El caso de Pastora es muy común en el deporte, y en disciplinas individuales y exigentes como el atletismo más todavía.

Motivos

¿Por qué ocurre esto? Efectivamente, en ocasiones las personas nos olvidamos de que somos personas, nos creemos máquinas capaces de todo, de superar a cualquier costa nuestros propios límites, obviando nuestra salud mental y física, por querer ser mejores en aquello que hacemos o nos gusta.

Y esto es un gran error, pues finalmente la autoexigencia desmesurada en querer superarnos nos acaba pasando factura, en forma de parón obligatorio, problemas de salud o lo más triste, pérdida de felicidad y simpatía con aquello que hacemos.

Obsesionarse con la mejora constante y estar siempre a nuestro mejor nivel, es un imposible.

Centrar nuestros pensamientos, acciones y emociones en una única cosa, no es saludable. Las personas necesitamos, como el respirar, los tiempos familiares, los de ocio y los de desconexión de aquello que incluso tanto nos gusta, como es el running.

‘Tengo que demostrar que…’, este es otro de los motivos por el que la exigencia, en ocasiones se nos va de las manos. No tenemos que demostrar nada a nadie más que a nosotros mismos, y respetando siempre que la perfección no existe, que el equivocarse es un derecho y que generalmente las expectativas de lo que los demás esperan de nosotros son falsas, porque, primero, es que son intuiciones nuestras acerca de lo que creemos que piensan los demás acerca de nuestras ejecuciones y segundo, porque nadie es tan duro con lo que se espera acerca de cada persona, que la propia persona.
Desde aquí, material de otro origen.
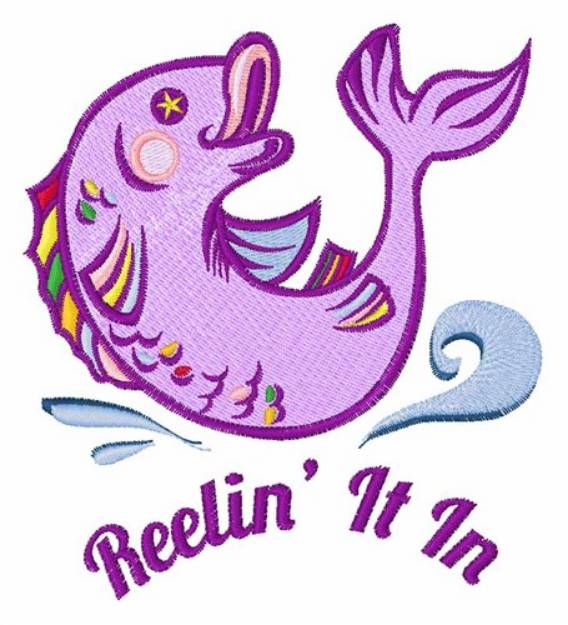 Picture of Reelin It In Machine Embroidery Design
Cuando somos tan exigentes con nosotros mismos en el ámbito deportivo, nos olvidamos de disfrutar, de enriquecernos con una experiencia, y convertimos los retos en amenazas, tomándonos las cosas como ‘a vida o muerte’ o ‘todo o nada’.

La exigencia es buena y necesaria en todos los ámbitos de nuestra vida, pero con límites. Escucha a los de tu alrededor, porque generalmente son ellos los que te dirán que levantes el pie del acelerador y te lo tomes con calma.